##### Supplied records #####
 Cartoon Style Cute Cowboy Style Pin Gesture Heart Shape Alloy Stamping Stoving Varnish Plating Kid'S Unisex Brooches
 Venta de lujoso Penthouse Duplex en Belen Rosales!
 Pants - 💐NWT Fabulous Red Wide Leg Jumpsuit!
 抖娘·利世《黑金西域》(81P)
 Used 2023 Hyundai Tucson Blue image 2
#####
* Task objective *
Whole listing, every line: reproduce it exactly.

* Solution to the exercise *
 Cartoon Style Cute Cowboy Style Pin Gesture Heart Shape Alloy Stamping Stoving Varnish Plating Kid'S Unisex Brooches
 Venta de lujoso Penthouse Duplex en Belen Rosales!
 Pants - 💐NWT Fabulous Red Wide Leg Jumpsuit!
 抖娘·利世《黑金西域》(81P)
 Used 2023 Hyundai Tucson Blue image 2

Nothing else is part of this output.